シドニーのセントラル駅からは、ブルー・マウンテンズの各村へ行く電車が数時間おきに運行しています。
シドニーからブルー・マウンテンズまでの所要時間はだいたい2時間。この短い時間でドラマチックに変化する景色は見ものです。高層ビルもバスもトラムも消えた視界に広がるのは木、木、また木という別世界。遠方にはUNESCOの世界遺産に指定されている砂岩の「スリー・シスターズ」が、まさに自然の一大スペクタクルと呼びたい迫力で姿を現します。
中でもいちばんの眺望を楽しめるのはエコー・ポイント。ここから独特のパノラマ景観が望めます。
かつては山脈であったブルー・マウンテンズですが、現在はいくつかの自然保護区や公園からなる台地と言うべきでしょう。独特の地質学的な構造のおかげで、ここはたくさんの種類の動物や植物が保存されてきました。
実際にここを訪れるまではただの観光名所ぐらいに考えていたし、ブルー・マウンテンズという名称だって人の気を引くために付けたんだろうな、なんて思っていた私ですが、実際に足を運んでみたら、この名が付いた理由も納得できました!
それをさらに実感させてくれたのが、上空から眺めたその景色。上から見下ろしたときに山々が青みを帯びているのは、大量のユーカリの木から出るユーカリプタスオイルのなせるわざ。ユーカリはこの地域一帯では最も多くみられる植物で、その種類は90を超えるそうです。
ブルーに染まる景観、そして森や渓谷のあたりには、周辺の色を目に見えるほどにはっきりと変えるほど青みがかった大気が漂っています。
ここにはまた、ラクちんな初心者向け(平坦で短距離)からハードな上級者向け(眺望が最高)まで、ハイキングコースも豊富にあります。

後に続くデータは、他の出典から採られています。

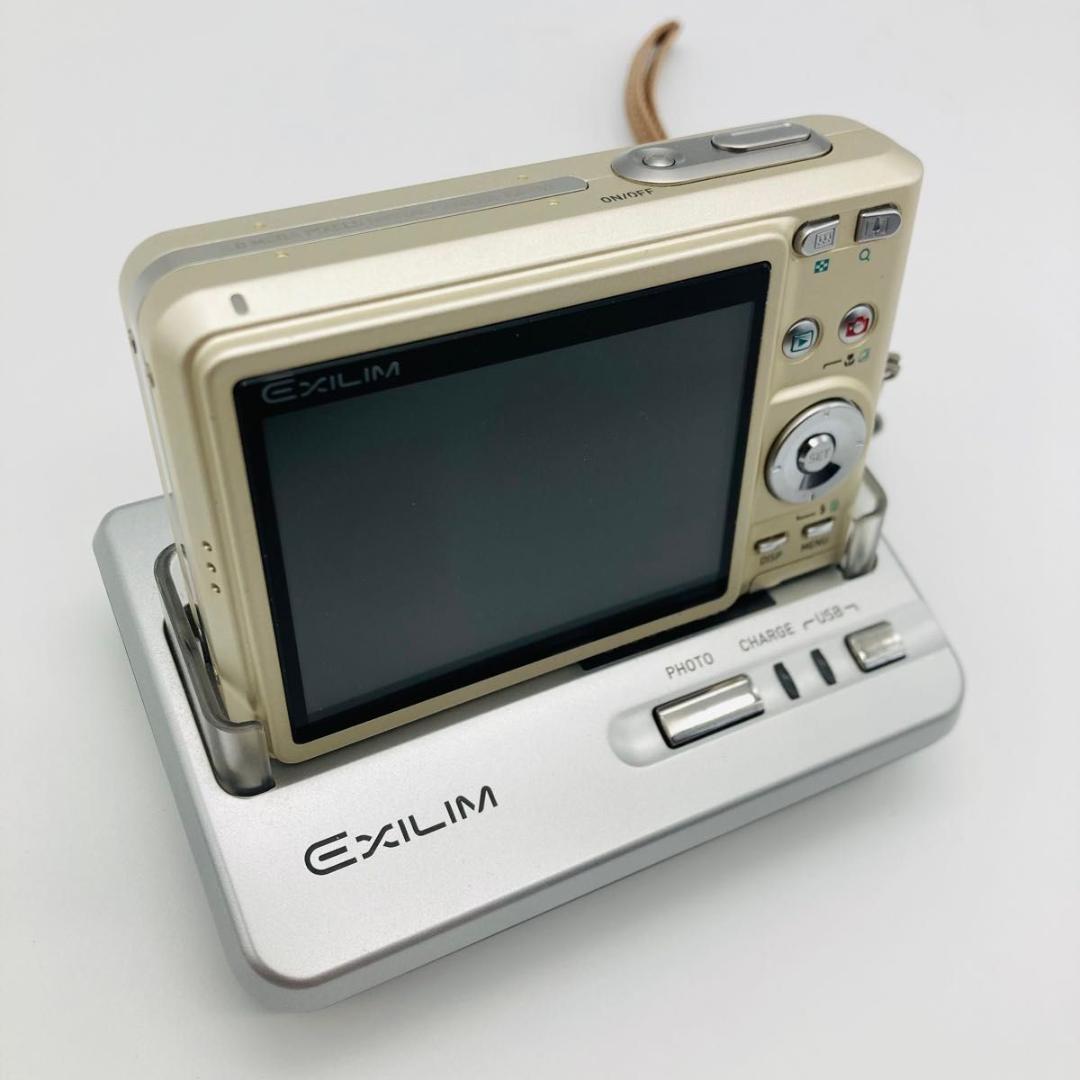 CASIO EXILIM EX-Z57 デジカメ 充電器 SDカード付き 稼働品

この保護区を代表する観光名所と言えば、それはカトゥーンバ。駅を出れば、ハイキングコースや無数の絶景ポイントを通る公共あるいは観光用シャトルバスがいくらでも走っています。だからこそ、私たちは敢えてブラックヒースに行くことにしました。ここは観光客も少なく、サービス施設もそれほど充実しておらず、ややこしくて骨が折れるけれど、それだけの価値があります。最高に感動的なハイキングコースがあるという情報を電車の中で読んでいた私たちは、泊まる宿もそこで見つけることができました。

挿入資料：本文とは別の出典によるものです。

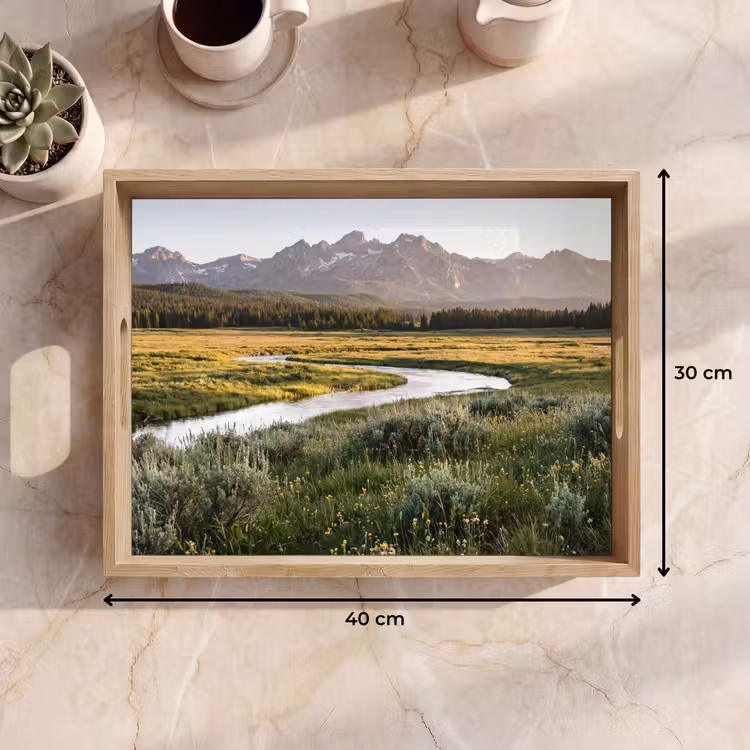 Dienblad - Berglandschap - Rivier - Bos — 7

私たちが泊まったのは、至る所にモクレンの花が咲く庭の眺めが素晴らしい、居心地満点の部屋でした。この時期としては珍しく、12℃から19℃ぐらい(これより高くはならない!)の気温で過ごしやすさも言うことなし。春の陽気があたりの花々を咲かせ、絵の具のパレットのようなカラフルな眺めを楽しませてくれました。
あふれる光のバリエーションとニュアンス、光の強さのなんと素晴らしかったことか!この村のとてもこじんまりとした単純素朴な雰囲気に比べると、カトゥーンバは明らかに観光客向けの町です。とは言いつつも、いくつかの店、ビールを楽しむ地元の馴染み客でにぎわっている、界隈でただ一軒のパブなど、いい感じのスポットもありました。
この近くには、巨大なシダや見上げるほどの高さのユーカリ、セコイア、深い渓谷や滝に囲まれた古代からの熱帯雨林があります。
公園は3つのエリアに区分され、それぞれに異なる見どころがあふれています。
何といっても必見なのが、260mの高さに浮かぶ、大きな黄色のケーブルカー、スカイウェイ。床がガラス張りになっているので、ブルー・マウンテンズやスリー・シスターズ、カトゥーンバ滝の眺めを360度楽しめます。
空ではなく地上の道を選ぶなら、自然の恵みを味わいながら歩けるコースが充実したジュラ紀の熱帯雨林の歩道がおすすめです。ちなみに私が選んだのは2.5㎞の最長コースで、素晴らしい眺めを堪能することができました。
旅客鉄道としては世界一の急勾配を誇るトロッコ、シーニック・レイルウェイもあります。52度という傾斜は、冗談でもなんでもなく急で、2つある岩石の近くを降りる時や熱帯雨林に差し掛かると、シートにしがみついているのもひと苦労。アドレナリンの放出を実感できるという意味でも、一度はこれに乗ってみることをお勧めします。